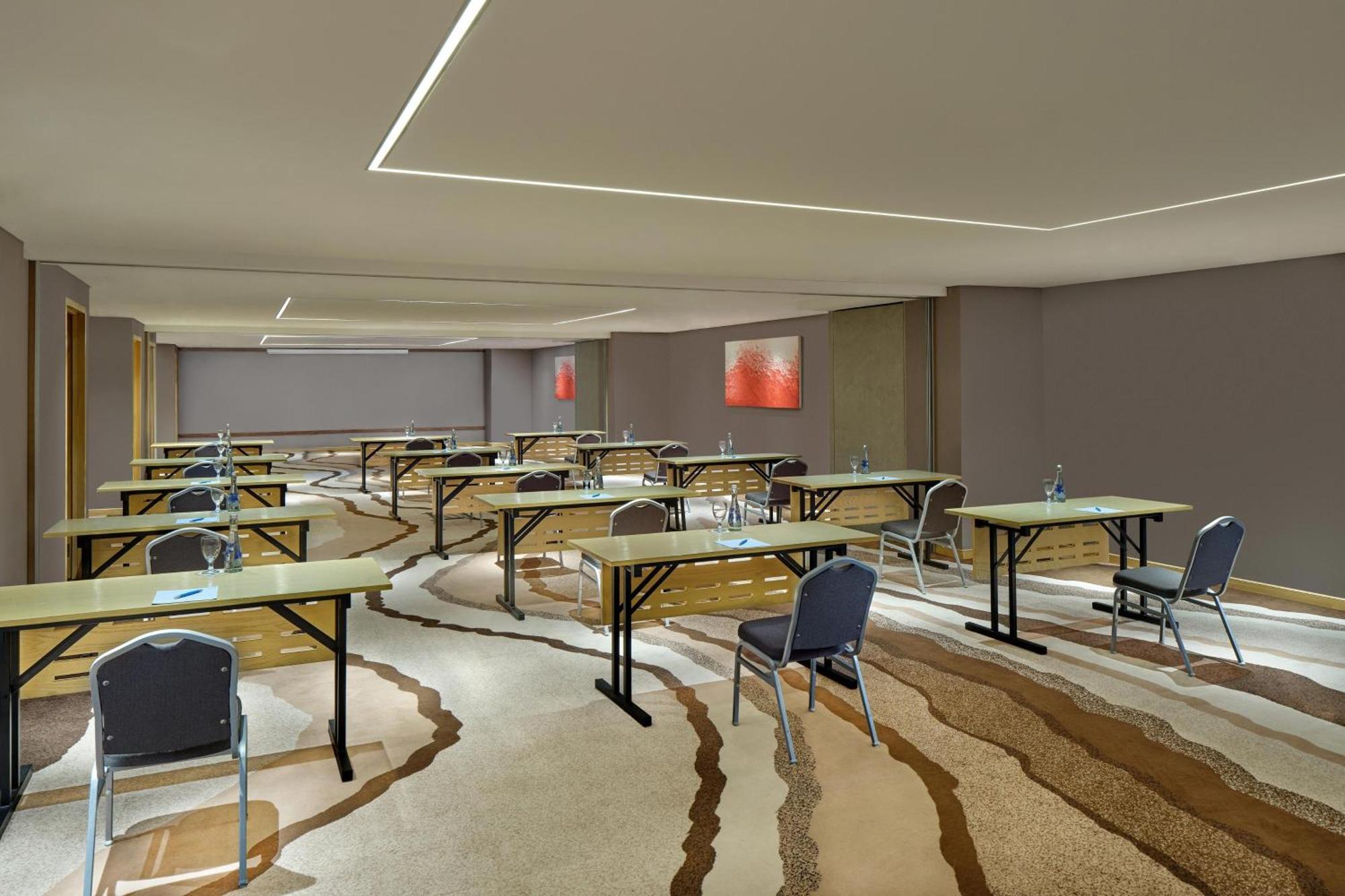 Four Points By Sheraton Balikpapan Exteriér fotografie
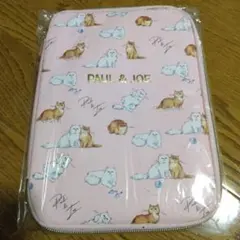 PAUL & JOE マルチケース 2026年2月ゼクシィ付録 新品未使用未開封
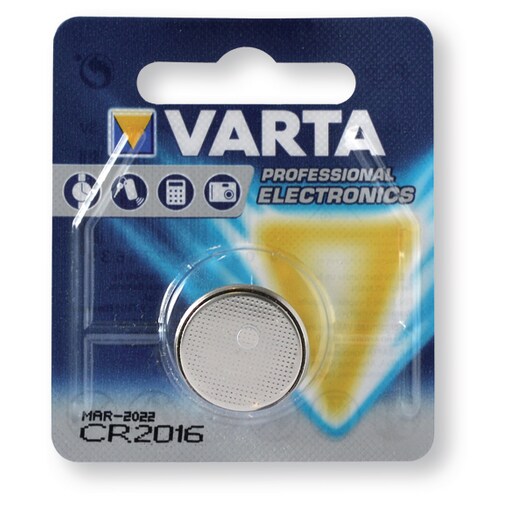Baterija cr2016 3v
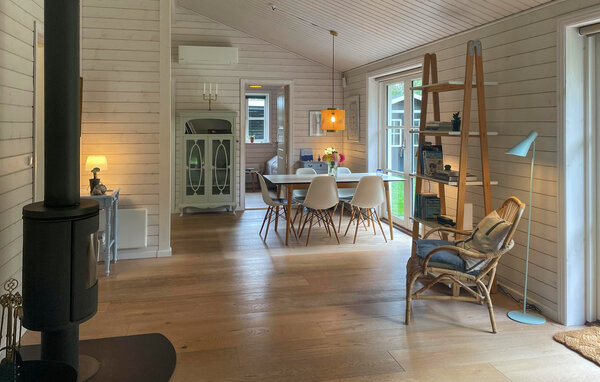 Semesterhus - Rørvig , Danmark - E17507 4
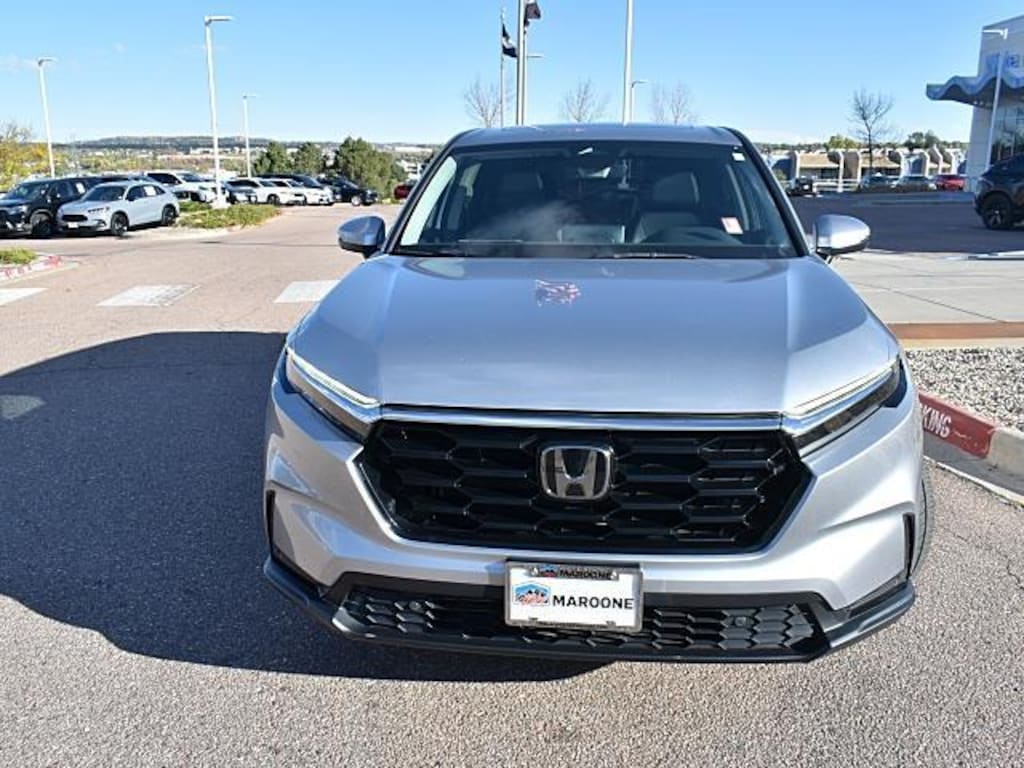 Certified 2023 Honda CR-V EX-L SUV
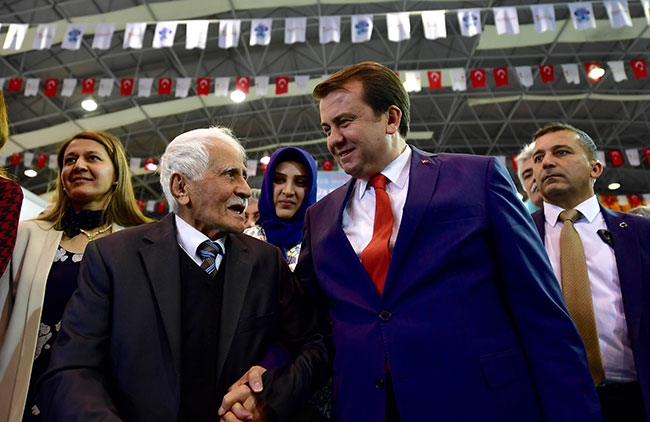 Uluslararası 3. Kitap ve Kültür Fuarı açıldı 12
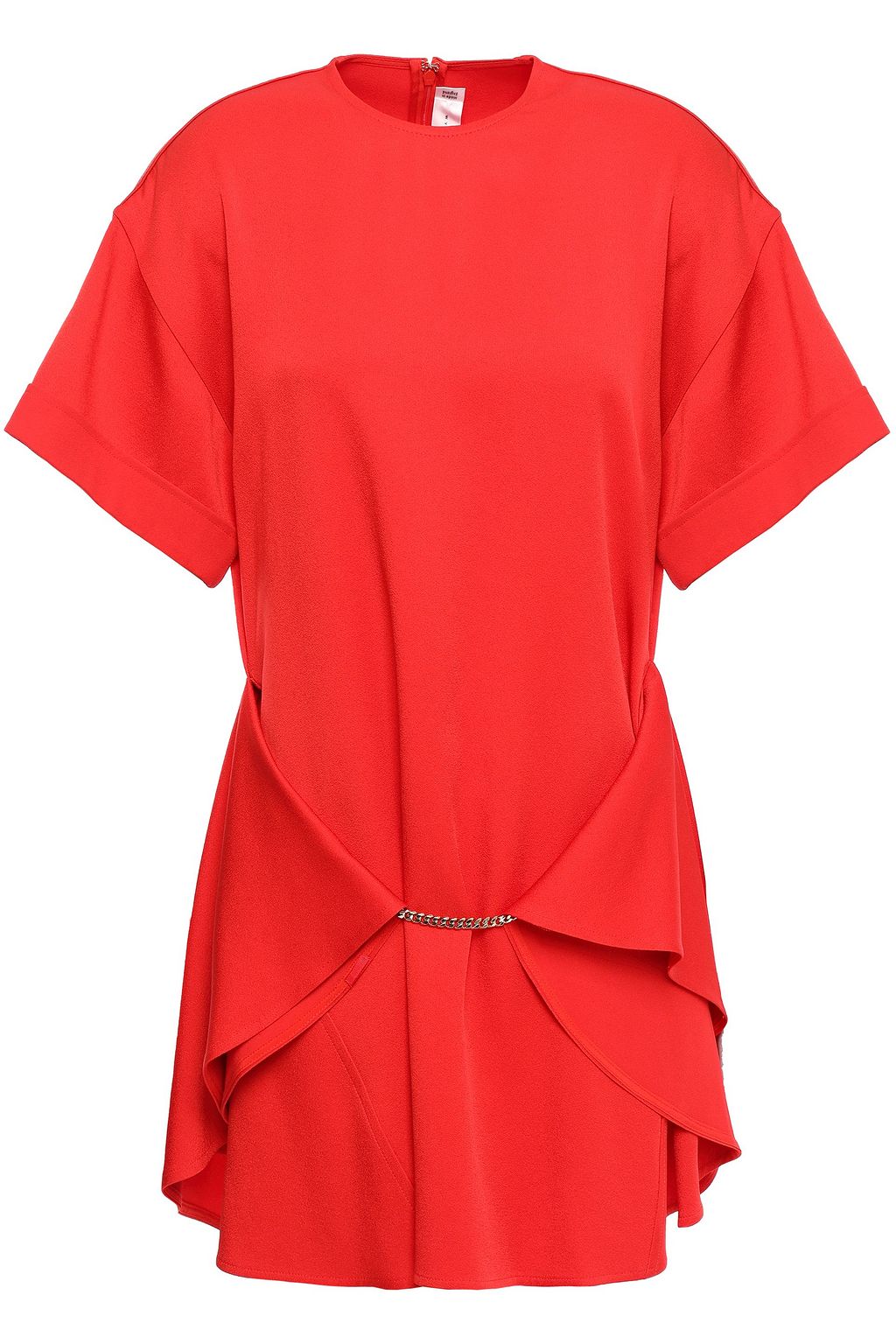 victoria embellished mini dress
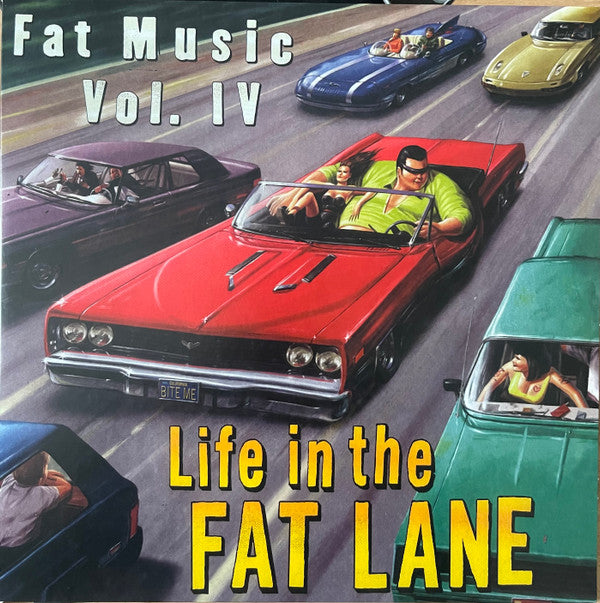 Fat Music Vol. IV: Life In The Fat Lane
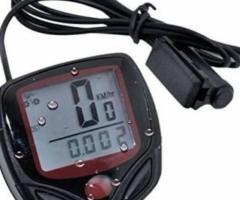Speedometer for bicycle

■ Problem description ■
Give the records above again in full and exactly, but exclude every picture.

■ Task output ■
 Four Points By Sheraton Balikpapan Exteriér fotografie
 PAUL & JOE マルチケース 2026年2月ゼクシィ付録 新品未使用未開封
Baterija cr2016 3v
 Semesterhus - Rørvig , Danmark - E17507 4
 Certified 2023 Honda CR-V EX-L SUV
 Uluslararası 3. Kitap ve Kültür Fuarı açıldı 12
 victoria embellished mini dress
 Fat Music Vol. IV: Life In The Fat Lane
Speedometer for bicycle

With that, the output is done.